(WORK ORDER) Using the listing below, output only the lines from the one that contains "EILIF, pantalla para" through the one that contains "As 5 Melhores Opções de oled 50 lg", inclusive, exactly as given and without images.

(INPUT)
*** Begin section ***
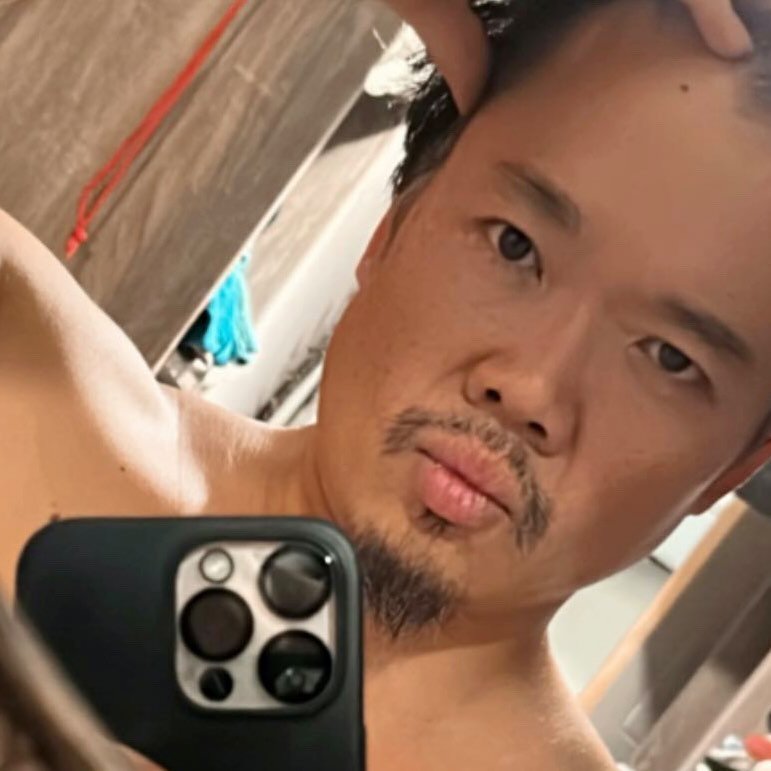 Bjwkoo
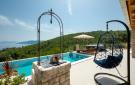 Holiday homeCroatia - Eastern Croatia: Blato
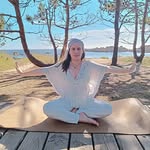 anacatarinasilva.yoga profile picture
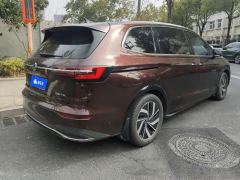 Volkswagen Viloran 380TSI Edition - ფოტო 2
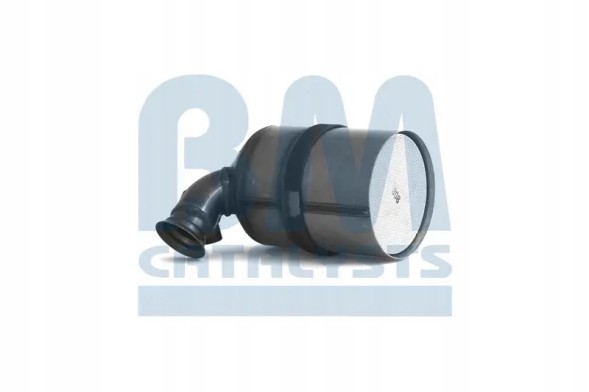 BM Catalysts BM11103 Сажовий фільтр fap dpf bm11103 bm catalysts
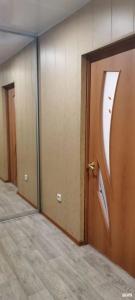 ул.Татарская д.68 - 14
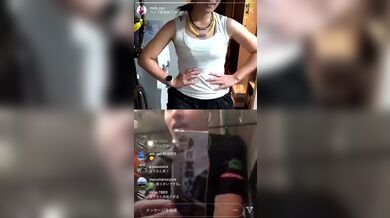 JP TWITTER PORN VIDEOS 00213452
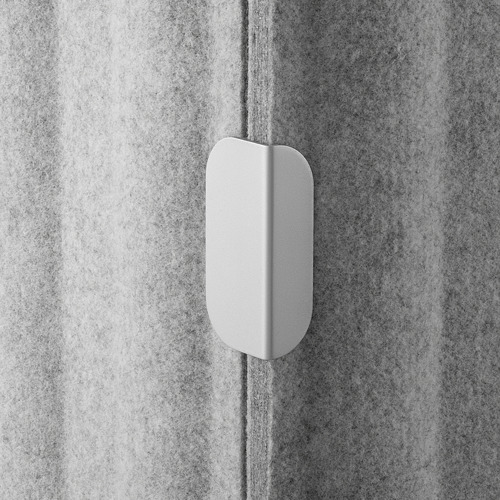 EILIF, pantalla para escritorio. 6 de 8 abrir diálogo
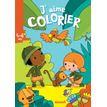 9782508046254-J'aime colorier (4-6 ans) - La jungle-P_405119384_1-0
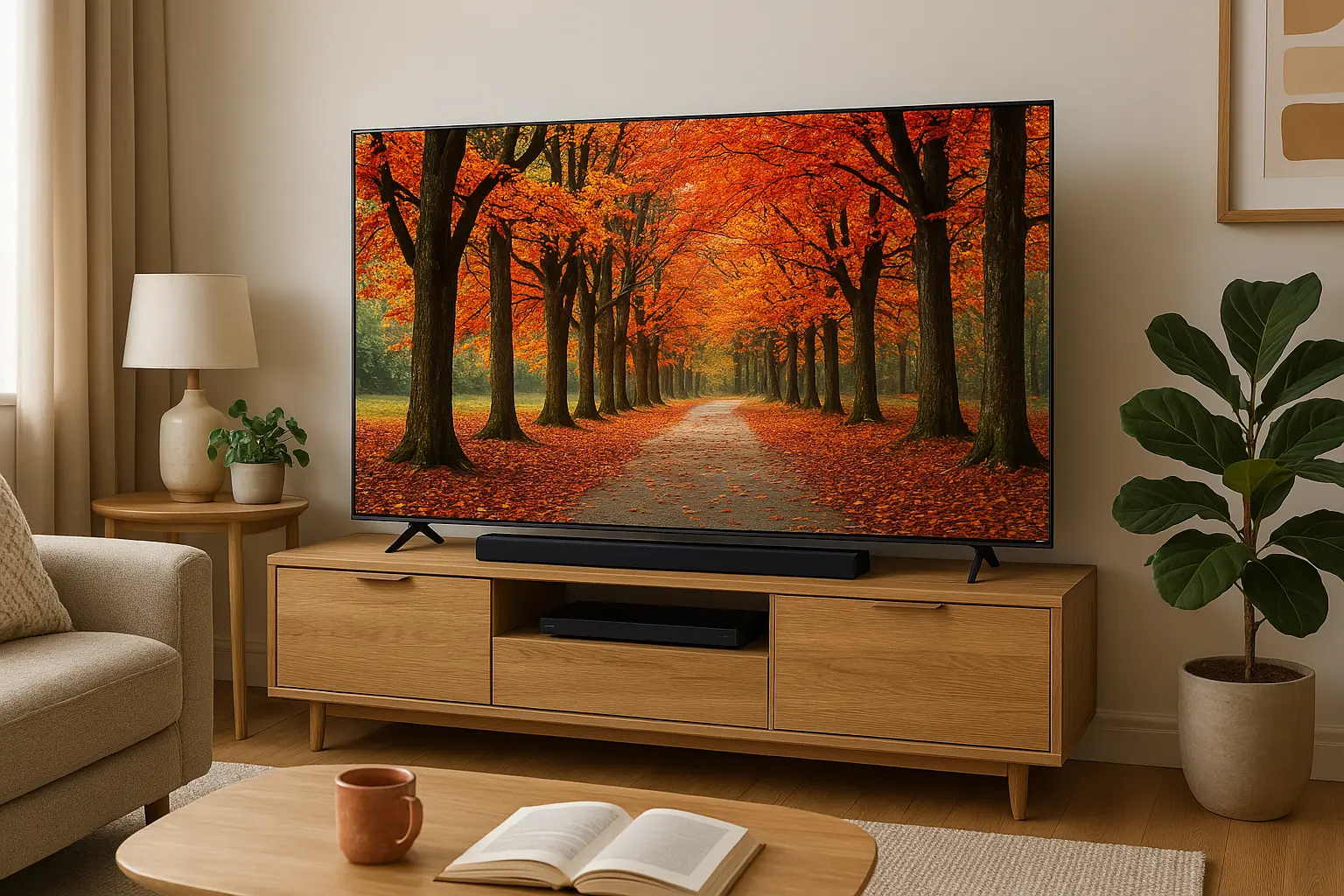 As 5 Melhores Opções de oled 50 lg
*** End section ***
*** Begin section ***
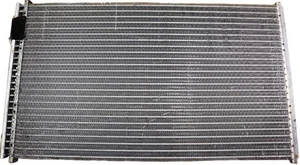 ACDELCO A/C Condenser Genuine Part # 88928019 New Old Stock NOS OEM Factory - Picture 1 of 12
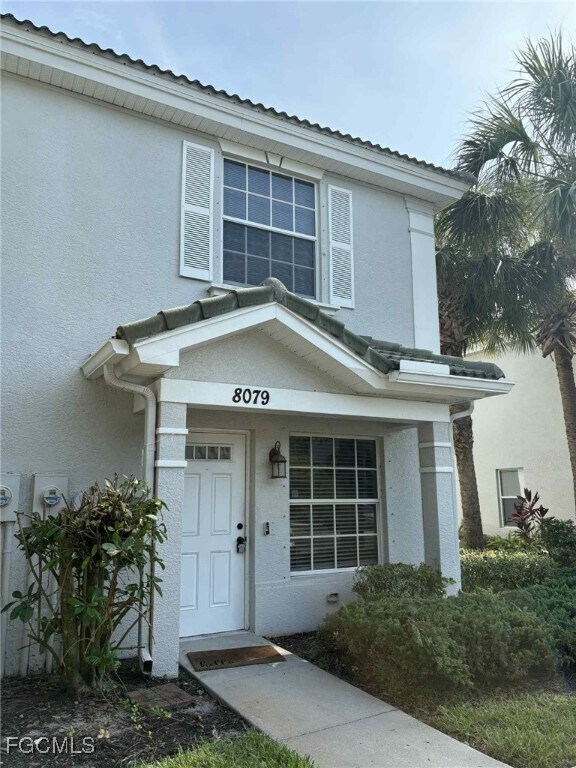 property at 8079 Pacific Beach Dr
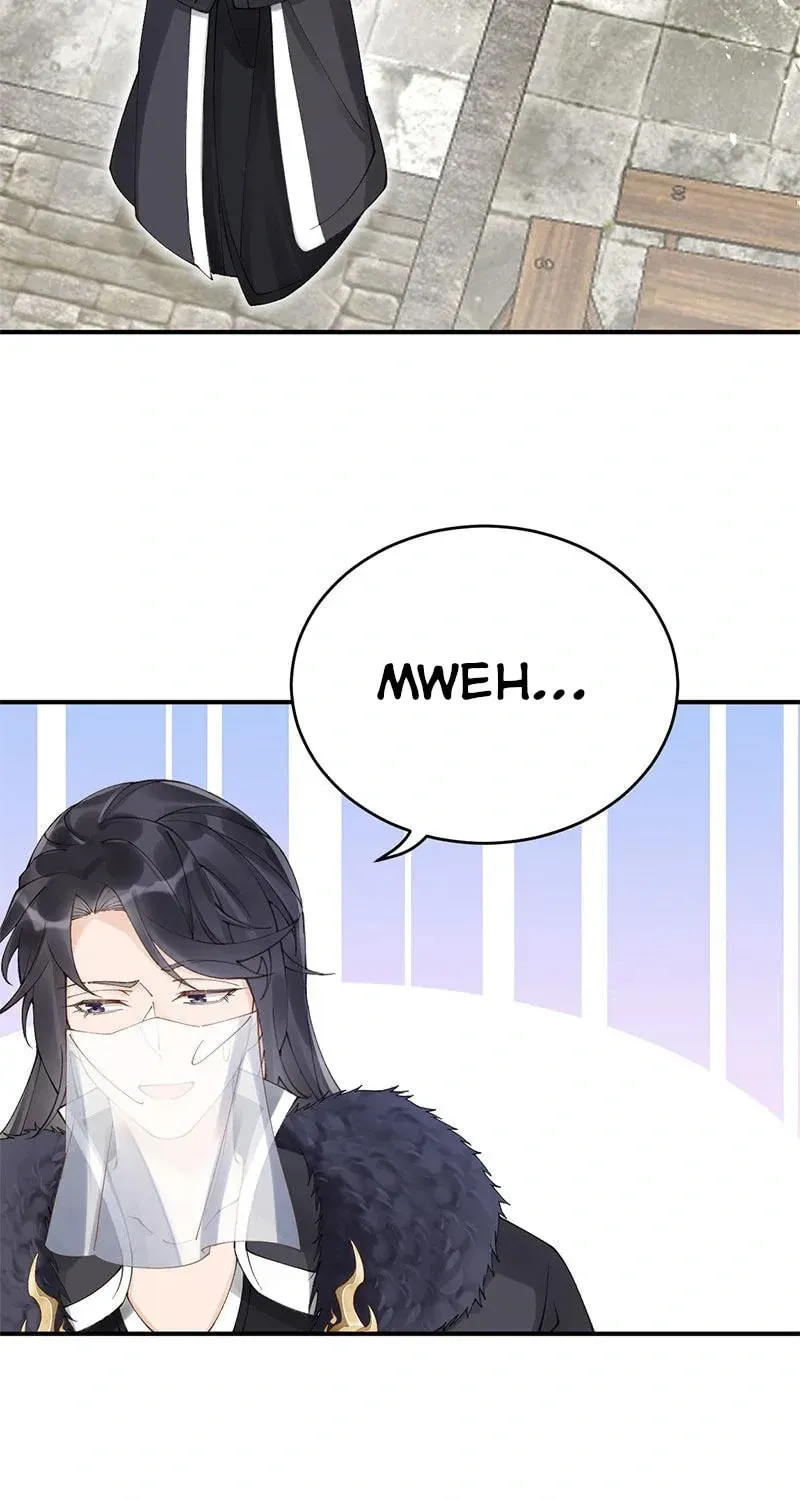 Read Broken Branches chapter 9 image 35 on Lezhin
*** End section ***
(YOUR SOLUTION)
 EILIF, pantalla para escritorio. 6 de 8 abrir diálogo
 9782508046254-J'aime colorier (4-6 ans) - La jungle-P_405119384_1-0
 As 5 Melhores Opções de oled 50 lg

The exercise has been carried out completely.